Iowa Hawkeyes' new tradition honors children's hospital with a 'wave'

It’s a simple gesture, but it touches the hearts of many.

At the end of the first quarter of Iowa Hawkeyes football games, the fans and even the visiting team at Kinnick Stadium stand up and turn their attention to the Stead Family Iowa Children’s Hospital overlooking the stadium. Then everyone waves at the patients and families watching the game. It’s called the “The Kinnick Wave.”

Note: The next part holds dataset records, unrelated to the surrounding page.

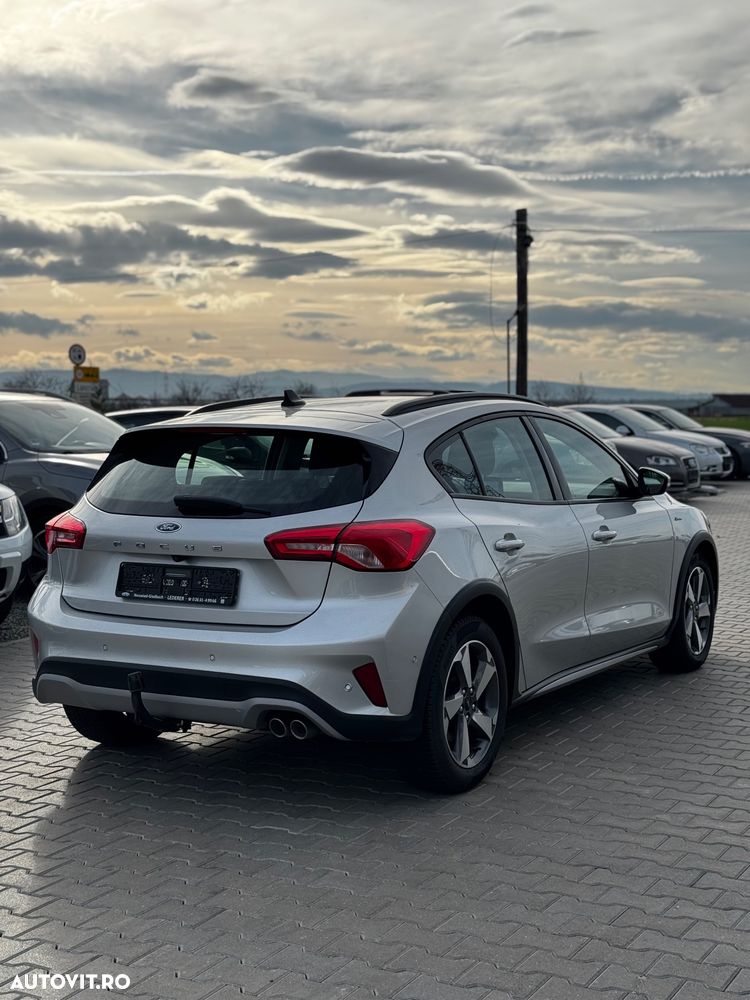 Ford Focus 1.5 EcoBlue Start-Stopp-System ACTIVE - 4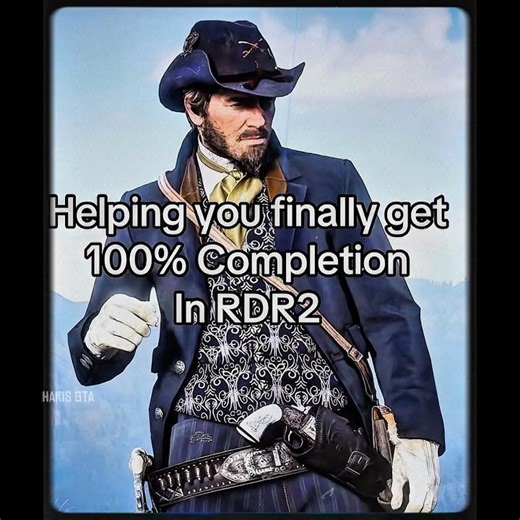 STOP wasting time on RDR2 100%! 🤠📈 #shorts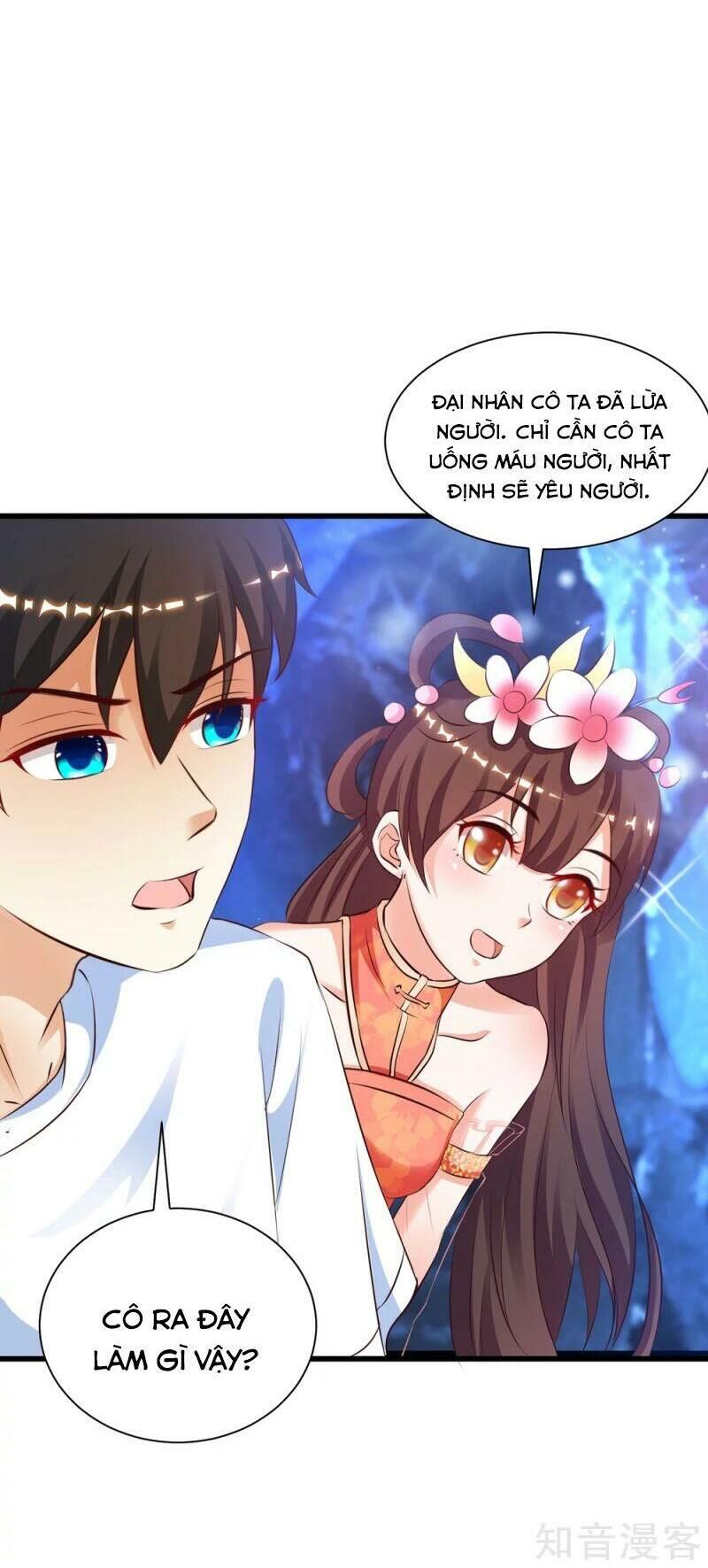 Tối Cường Vận Đào Hoa Chapter 123 - 18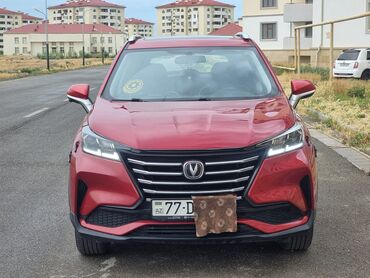 Digər Avtomobillər: Evvela salam. CHANGAN CS15.xanim suren masindi ve ilk sahibidi.qiymet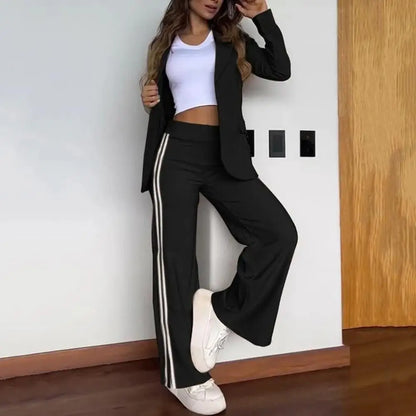 Sophie - Comfortable Sport-Chic Blazer Set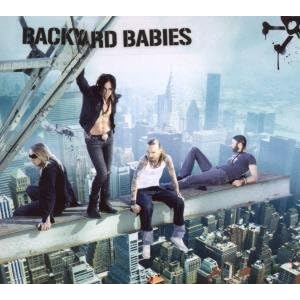 Click here to buy backyard babies -digi- by backyard babies (Audio CD).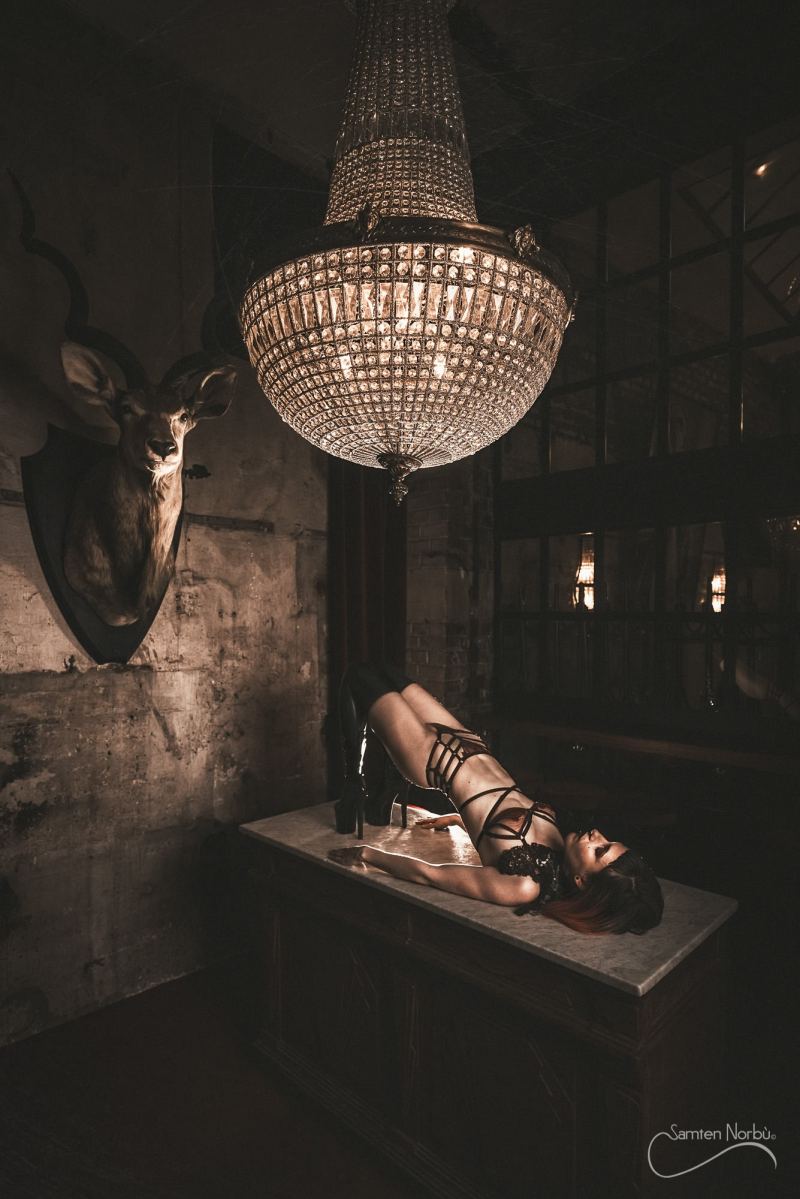Art & Scénographies — photographie de Samten Norbù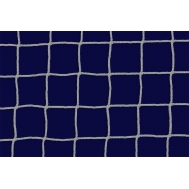 Сетка для хоккейных ворот, нить D=2,6 мм (хоккей с мячом) (17.208)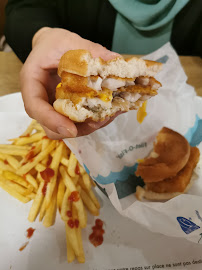 Hamburger du Restauration rapide McDonald's à Brumath - n°1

It’s a college football tradition that’s quickly catching on. Even Chicago Cubs first baseman Anthony Rizzo left an Instagram post about the wave. “This is by far the best college tradition of all time,” he said in the post viewed over 200,000 times.

https://www.instagram.com/p/BZ_fEZnHCea/

The wave was first started on September 2, when Iowa hosted the Wyoming Cowboys. The children and families inside the children’s hospital go to the 12th floor to see more than 70,000 football fans wave to them every home game.

The origins of the wave came by Krista Young, who posted the idea on the Hawkeye Heaven Facebook page.

Facebook post by Krista Young that started the “Kinnick Wave.” Photo Courtesy: Facebook

“It was two sentences. It was just a thought,” Young said to Land of 10.com. “I kept seeing pictures of those kids [at the hospital] before football season. And practice started and seeing them looking down on the field, it’s heartbreaking. Just a quick thought, two seconds to type and it turned into this amazing, amazing blowout. There’s not a fancy story behind it. Just short and sweet, and it took off.”

Those simple sentences have become a treasured college football tradition, especially to the parents who have their children at the Stead Family Iowa Children’s Hospital.

“It was, honestly, really heartwarming,” Amy Condon said to Land of 10.com.